As the kids say: Big if true.
In late October we linked to this story, "China reportedly caught reverse-engineering ASML’s DUV lithography". The efforts, which have been going on for years are a very tough slog.*
The Chinese are trying to recreate the most complex machine ever manufactured by human beings. In the example above, the Chinese engineers broke the ASML machine. Hilarity ensued.
They called ASML to request a service call.

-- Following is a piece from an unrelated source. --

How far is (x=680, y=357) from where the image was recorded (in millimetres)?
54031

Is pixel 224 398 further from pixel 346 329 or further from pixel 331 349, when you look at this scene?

Now it appears they may not have to conquer the next-level Extreme Ultra Violet technology to get to next year's state-of-the-art in chip manufacturing.
The DUV will do.
From the always-alert observers at Huawei Central, December 2:
Huawei may have a 2nm chip breakthrough
Huawei is pouring efforts to make a breakthrough in the chip industry, and it looks like the company has plans on this matter based on the 2nm process technology. A new patent is here showcasing the attempts of the firm despite lack of high-end tools.
The Chinese OEM recently issued a patent for a 2nm chip technology. While the company is still facing challenges to catch its rivals in the chipset battle, it is planning to end this phase, probably by the end of next year.
But the question is, how is that going to be possible, as Huawei has just hit the 5nm mark this year with the Kirin 9030 chip (N+3 node), powering the Mate 80? Well, the answer lies in the patent. Let’s explore it in full detail.
Patent: 21nm metal pitches
Starting with the application, the company applied for the new patent with the CN119301758A number on June 8, 2022, and it was published this year on January 10. It is entitled “Metal Integration Method for Manufacturing Integrated Devices”.
It is primarily focused on the manufacturing of advanced semiconductors. Also, it resolves the bottlenecks related to the BEOL patterning for ICs (Integrated Circuits).
BEOL (Back-End-Of-Line) is a crucial stage in the chipmaking process, where metal interconnect layers are deposited to connect the individual transistors and devices developed during the Front-End-Of-Line (FEOL) procedure.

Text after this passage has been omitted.